Throughout this week, the GHSA has been promoting a series of Webinars that are focusing on the potential challenges that may arise this fall. Among the topics that have been discussed are how high schools are preparing to manage their ticketing this fall, a look at how professional teams and organizations are preparing for fans to return and learning how to better prepare ticket and event management operations for a new reality. The vanishing prospect of things going back ‘business as usual’ anytime soon is forcing organizations to plan for pretty much anything at this point. The good news is that the plans continue to remain fluid and are adapting each step of the way. Still, there are challenges unique to high school football that the NFL is not currently having to plan for and these will be major factors for the plan moving forward.

Primarily, not every school is equipped with equal training staffs and doctors in addition to the massive amounts of personal protective equipment and testing capacity that may be necessary to get the up and running again.

Newly-hired Valdosta head coach Rush Propst is one of the state’s nearly 50 head coaches that are having to prepare for all the unknowns with brand new programs this offseason, but his years of coaching experience have him focused on the big-picture challenges that the high school season is likely to be facing collectively during this pandemic.

“I want us to be safe and here is what you have to think about,” explained Propst. “In high school football, a lot of teams don’t have the medical staff to make it as safe as college football and pro football.
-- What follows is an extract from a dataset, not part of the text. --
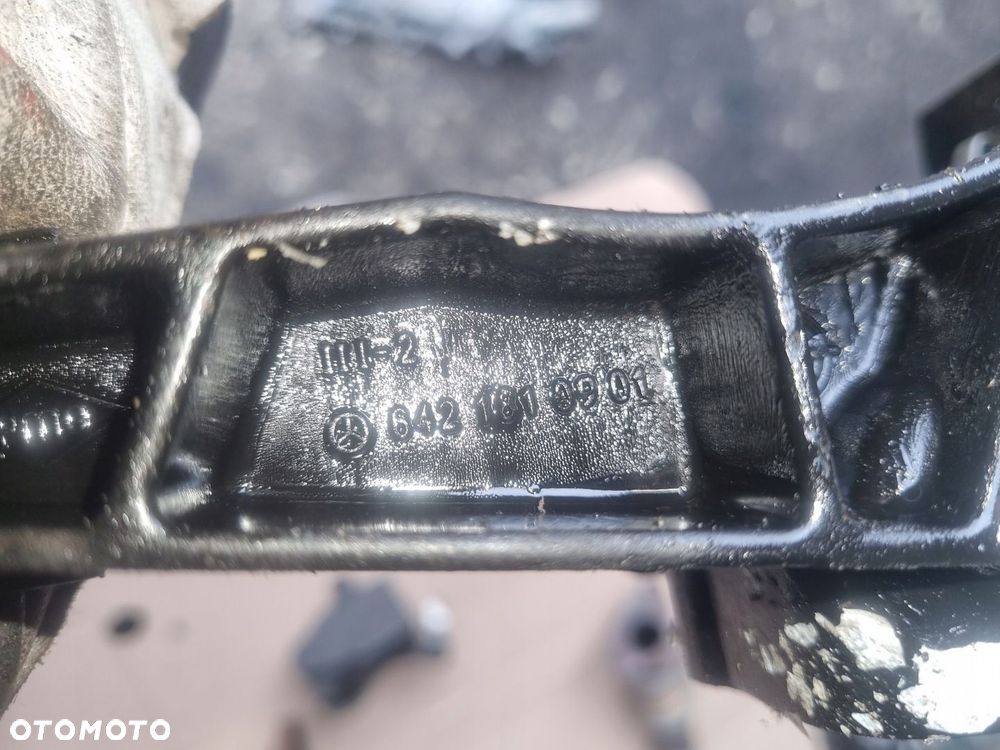 Pompa oleju Mercedes 3.0 CDI V6 6421810901 - 2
So people are going to think, okay, pro football is starting back up or college football is starting back up, so high school should also be starting. But the problem is that not every school has a trainer, not every school has a doctor that comes in twice a week or is at every game. Not every school has trainers that can test temperatures at the same rates and make sure that are our players are safe and are healthy and virus free. So I think it is a lot to look at in my opinion going forward is that we have to come up with a way to handle this. One death is too many. Lord forbid, I lost a player to a heart issue in 2002 that died on the field during a 7-on-7. I am telling you, I don’t ever want to experience that again and it would just be devastating for something like that to happen and I just know that we need to safe and we need to look at what is best for the high school football athlete and the rest of our fall athletes and not just what the professional leagues are doing.”
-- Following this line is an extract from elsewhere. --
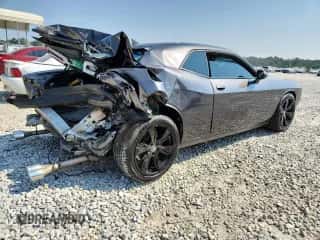 2018 Dodge Challenger R/T Scat Pack with VIN 2C3CDZFJ5JH142125, listed as a Copart auction lot 71885115 with 68,767 mi miles and Salvage title. Bid and sale history available at DreamBid. Image 3.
Earlier this week, GHSA Executive Director Robin Hines appeared on ‘Georgia Prep Sports: From a Distance’ and expressed similar concerns and sentiments. Among the various measures that may have to take place are new guidelines that range from the number of players allowed in facilities to protocols for equipment usage and cleaning between workouts. Hines noted that these guidelines could be in place by June as part of a strategy that would allow teams to ‘ease in’ to activities.

It is likely that a multifaceted approach will be coordinated and coaches, school principals and superintendents will each have a role to play in how and when the guidelines are put into action.

“We want to have as normal a season as we can, but we’re a long way away,” Hines said.